***** Extracted entries *****

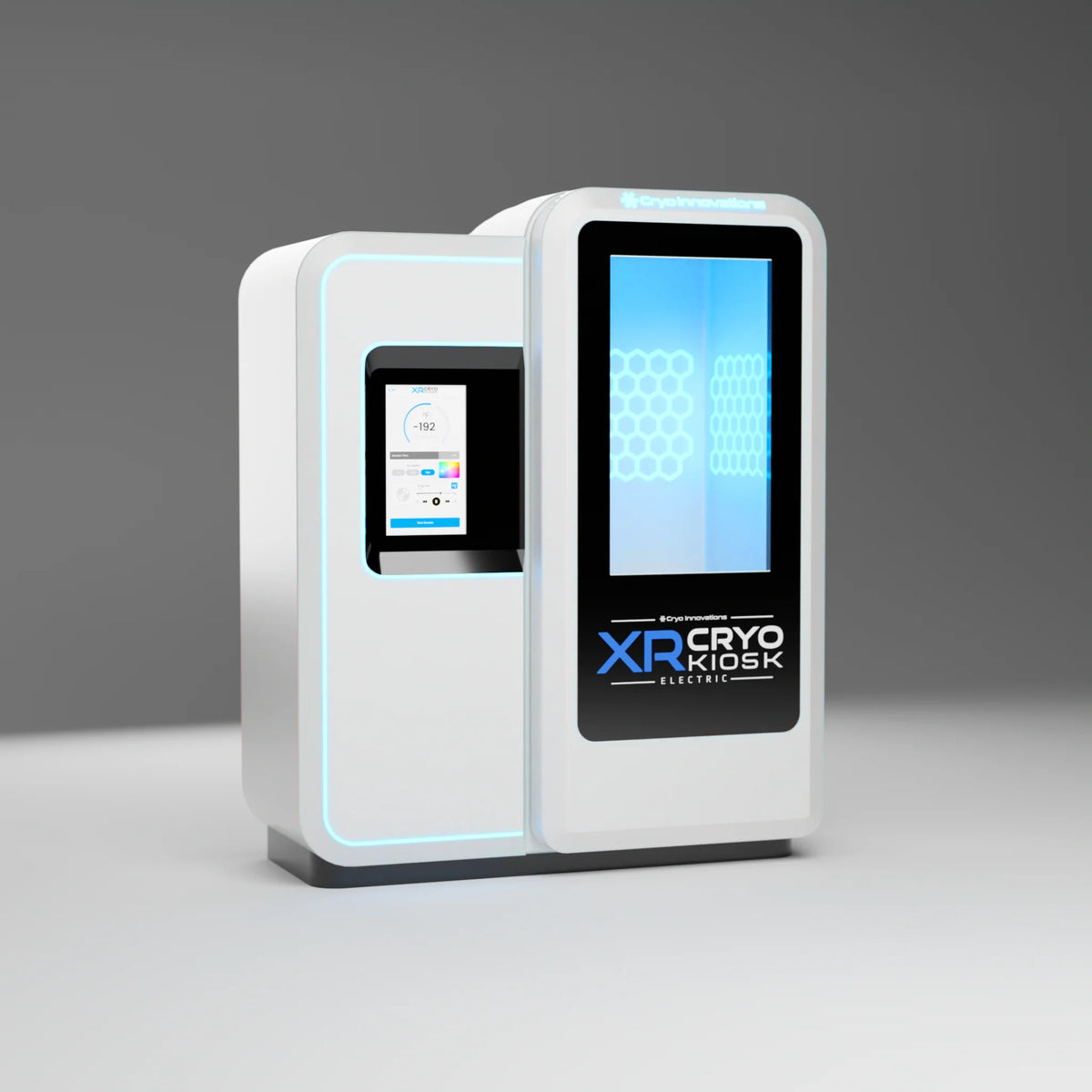 Cryo Innovations XR Cryo Kiosk – kiosk on a gray studio background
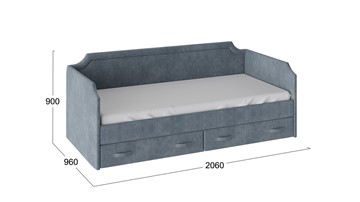 Кровать в детскую Кантри Тип 1, ТД-308.12.02 (Замша синяя) в Пскове - предосмотр 2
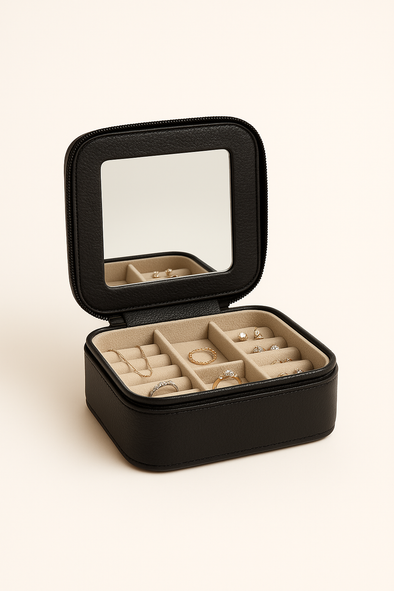 Travel Leather Jewelry Case with Mirror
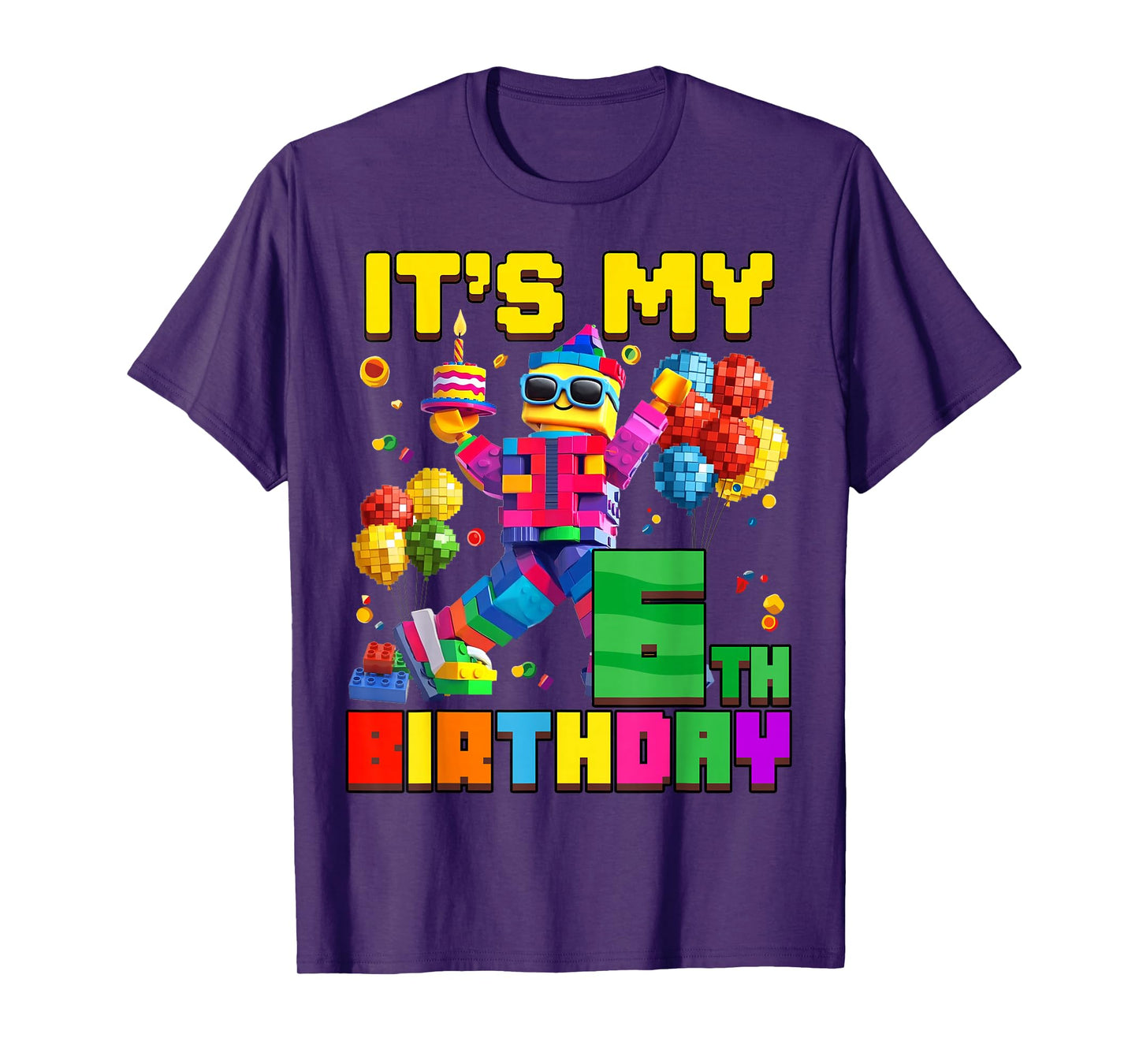Its My 6th Sixth Birthday Building Brick 6 Years Old Boys T-Shirt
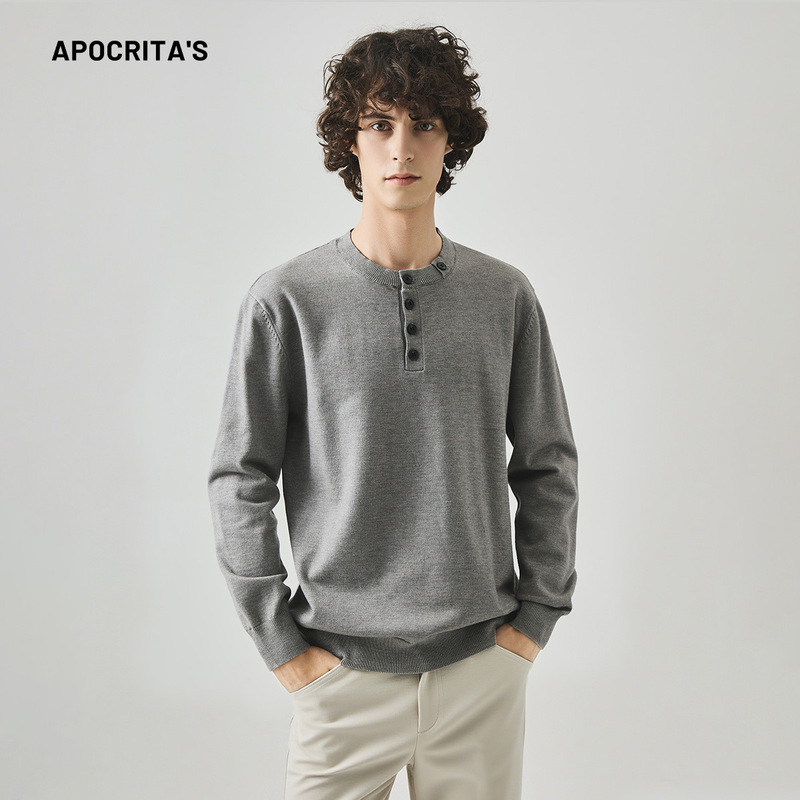 APO男装|跨境毛衣男秋季老钱风半开亨利领简约休闲内搭上衣针织衫|undefined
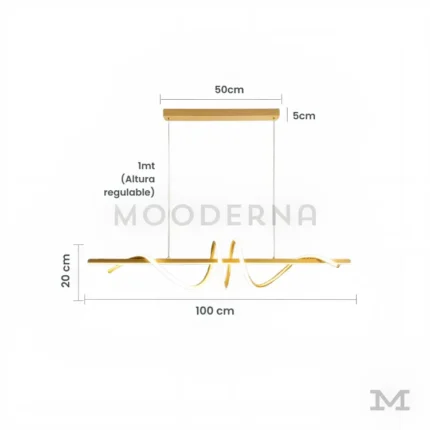 Rose Gold con medidas reales, destacando su diámetro de 100 cm y altura de 20 cm, con sistema de altura regulable hasta 1 metro para una instalación precisa sobre mesas de comedor amplias.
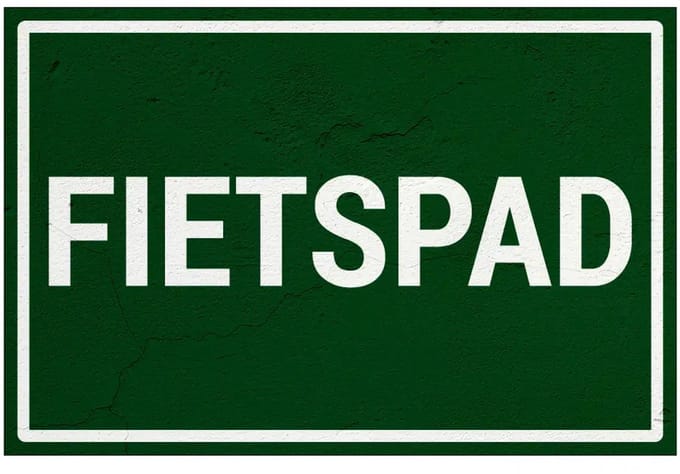 Fietspad bord | Sign Again materiaal | 30 x 20 cm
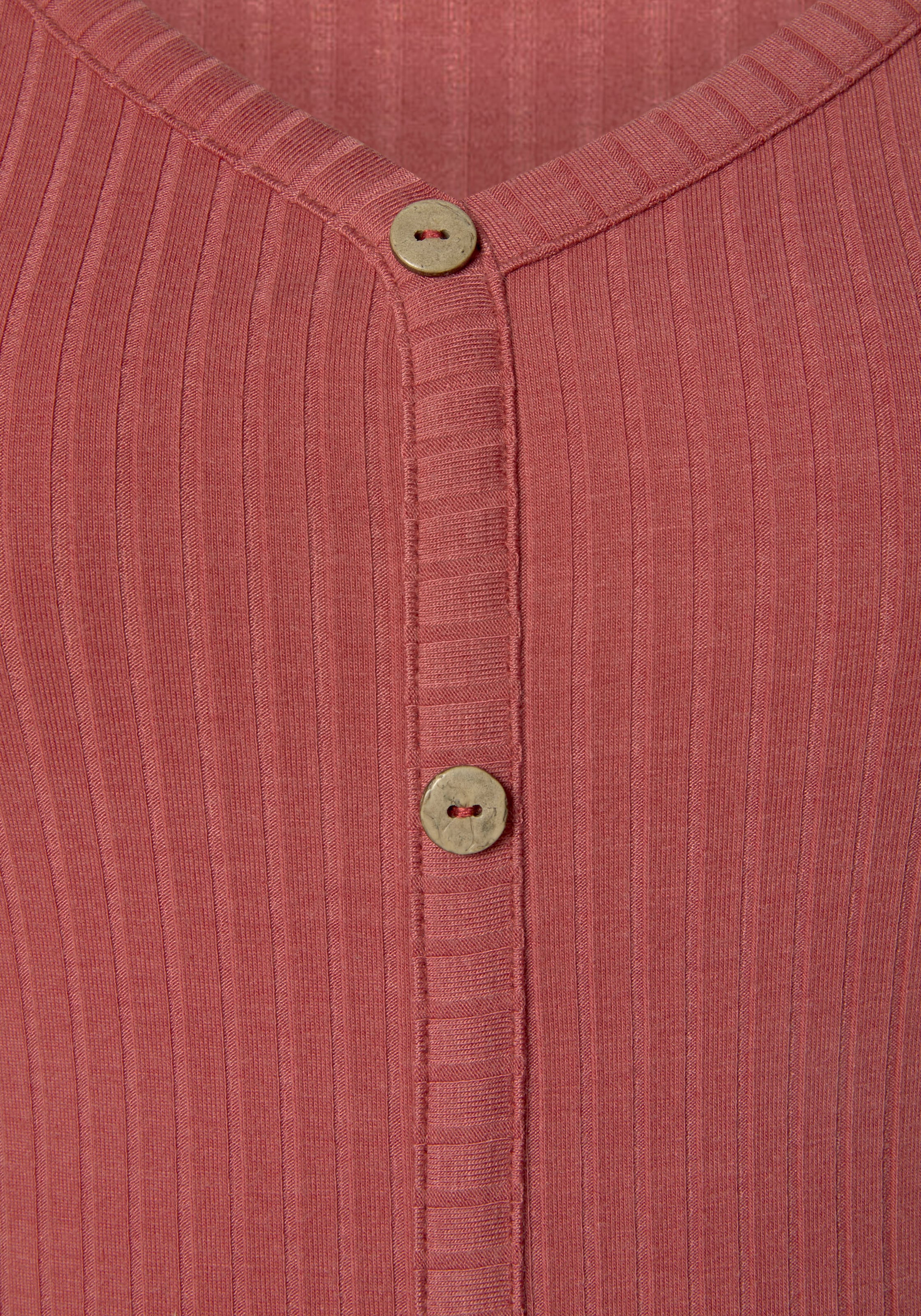 Zierknopfleiste, aus T-Shirt, mit Kurzarmshirt, bestellen Rippware V-Ausschnitt LASCANA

*****

Only the lines from the start of the records through the line containing "Fietspad bord |" should be repeated, word for word, with the pictures left out.

* Written reply
 Cryo Innovations XR Cryo Kiosk – kiosk on a gray studio background
 Кровать в детскую Кантри Тип 1, ТД-308.12.02 (Замша синяя) в Пскове - предосмотр 2
 Travel Leather Jewelry Case with Mirror
Its My 6th Sixth Birthday Building Brick 6 Years Old Boys T-Shirt
 APO男装|跨境毛衣男秋季老钱风半开亨利领简约休闲内搭上衣针织衫|undefined
 Rose Gold con medidas reales, destacando su diámetro de 100 cm y altura de 20 cm, con sistema de altura regulable hasta 1 metro para una instalación precisa sobre mesas de comedor amplias.
 Fietspad bord | Sign Again materiaal | 30 x 20 cm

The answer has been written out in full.